The clinical part of the current study showed that TRIM28 expression is positively associated with malignancy of glioma and poor patient prognosis. Next, we selected 4 representative glioma cell lines with a range of TRIM28 expression levels to investigate the role played by TRIM28. Inhibiting TRIM28 expression in the 2 cell lines with high TRIM28 expression (e.g., U87 and U251 cells) with lentivirus-mediated pGMLV-GFP-shRNAs decreased cell proliferation and colony formation, and arrested cell cycle at the G1 phase. These results suggest that down-regulation of the TRIM28 protein plays an inhibitory role in the development of glioblastoma and may be a key regulator of the G1-S transition in glioblastoma cells. Extrapolation of the findings from cultured cells and xenograft models back into in vivo situations, however, must be attempted with caution.

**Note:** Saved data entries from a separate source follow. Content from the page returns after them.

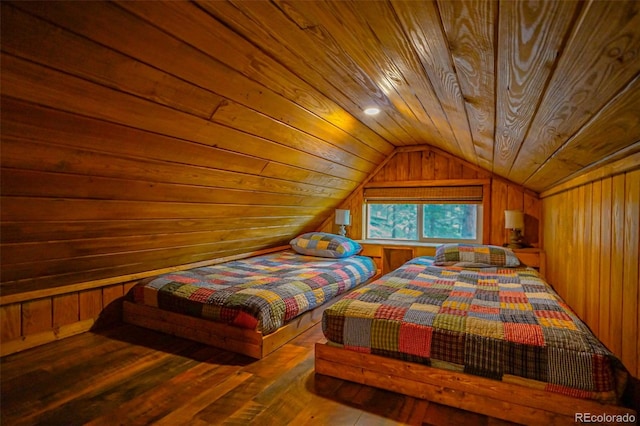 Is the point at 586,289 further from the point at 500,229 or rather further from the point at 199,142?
the point at 199,142

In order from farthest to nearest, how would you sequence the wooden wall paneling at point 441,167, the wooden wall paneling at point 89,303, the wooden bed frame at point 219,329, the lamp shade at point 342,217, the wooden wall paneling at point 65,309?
the lamp shade at point 342,217
the wooden wall paneling at point 441,167
the wooden wall paneling at point 89,303
the wooden wall paneling at point 65,309
the wooden bed frame at point 219,329

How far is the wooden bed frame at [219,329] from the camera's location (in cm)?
212

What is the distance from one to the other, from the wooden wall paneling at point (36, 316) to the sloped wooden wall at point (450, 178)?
3227mm

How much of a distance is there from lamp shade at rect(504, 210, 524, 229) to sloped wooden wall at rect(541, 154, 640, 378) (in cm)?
73

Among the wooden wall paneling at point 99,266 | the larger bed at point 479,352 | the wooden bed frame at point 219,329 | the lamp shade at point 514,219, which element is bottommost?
the wooden bed frame at point 219,329

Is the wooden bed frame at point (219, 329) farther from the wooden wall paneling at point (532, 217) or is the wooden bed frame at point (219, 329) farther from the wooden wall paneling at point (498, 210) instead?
the wooden wall paneling at point (532, 217)

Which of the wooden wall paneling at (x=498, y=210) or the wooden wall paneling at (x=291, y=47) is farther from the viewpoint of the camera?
the wooden wall paneling at (x=498, y=210)

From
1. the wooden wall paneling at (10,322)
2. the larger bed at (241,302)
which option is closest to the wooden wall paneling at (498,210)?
the larger bed at (241,302)

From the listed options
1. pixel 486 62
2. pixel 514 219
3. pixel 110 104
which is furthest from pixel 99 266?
pixel 514 219

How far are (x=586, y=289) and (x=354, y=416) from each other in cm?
164

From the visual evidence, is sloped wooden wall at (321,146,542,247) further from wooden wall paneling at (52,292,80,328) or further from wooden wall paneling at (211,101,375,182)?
wooden wall paneling at (52,292,80,328)

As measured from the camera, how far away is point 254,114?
6.51 feet

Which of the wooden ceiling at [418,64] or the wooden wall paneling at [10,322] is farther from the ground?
the wooden ceiling at [418,64]

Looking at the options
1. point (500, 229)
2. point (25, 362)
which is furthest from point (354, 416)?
point (500, 229) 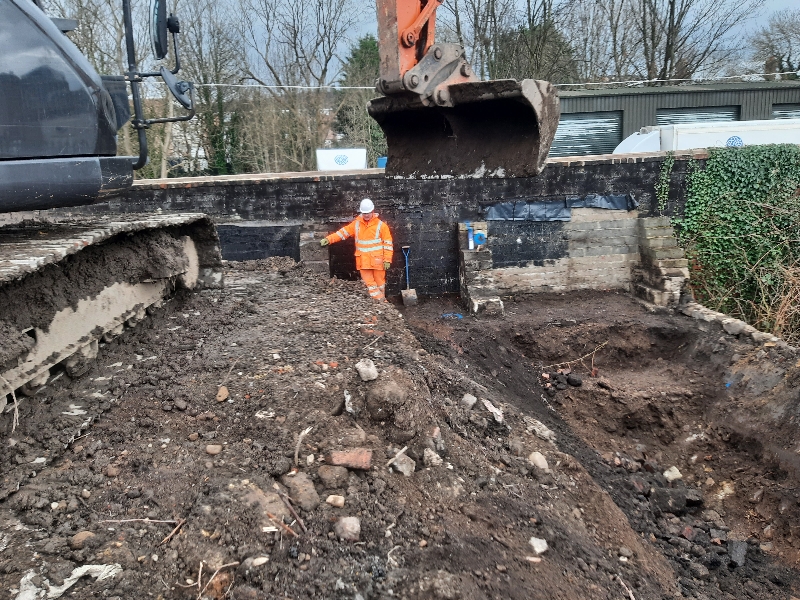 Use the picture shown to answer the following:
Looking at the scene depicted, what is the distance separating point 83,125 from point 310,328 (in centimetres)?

TRIM28 is a member of the TRIM family of E3 ligases, and could activate or suppress transcription via various mechanisms under different contexts [2124]. TRIM28 is known to be associated with the histone deacetylase complex NuRD and the histone methyltransferase SETDB1 and leads to the silencing of specific genes [25, 26]. Via other mechanisms, TRIM28 causes transcriptional activation through its recruitment to certain response elements, such as the Nur response element (NuRE) [23]. Santos et al. showed that in human embryonic lung fibroblast cell line IMR90, TRIM28 expression inhibit p16 induction without affecting p53 or p21 expression [27]. However, in our study, TRIM28 regulated the expression of p21 in glioma cells; such a finding was consistent with the negative correlation of TRIM28 with p21 in GBM tissues. P21 is a tumor suppressor gene and a cell cycle inhibitor. The down-regulation of p21 plays a vital role in the development of many cancers. The relationship between TRIM28 and p21 observed in the current study may partly explain the biological functions of TRM28. Lee et al. demonstrated that sumoylated TRIM28 decreased H3-K9 and H3-K14 acetylation and augments H3-K9 methylation at the p21 promoter [28]. Also a result, the downregulation of p21 may also be related to the sumoylation of TRIM28 via a chromatin-silencing process.

In our experiments, TRIM28 was detected in cell nuclei but not in cytoplasm. E3 ligases, including TRIM28, catalyzes ubiquitination of the proteins destined for degradation, and by doing so, serves as an important post-translational mechanism to regulate various cell functions, such as transcriptional regulation, protein quality control, DNA repair and cell cycle regulation. Protein degradation indeed occurs in cytoplasm, but ubiquitination may occur in cell nuclei. [29].

In conclusion, the results from the current study highlighted the biological and clinical significance of TRIM28 expression in glioma. Importantly, the combination of negative p21 expression and high TRIM28 expression could predict a poor prognosis in GBM. Decreasing TRIM28 expression could inhibit the growth of glioma cells both in vitro and in vivo, suggesting that targeting TRIM28 could be a promising therapeutic approach to manage gliomas.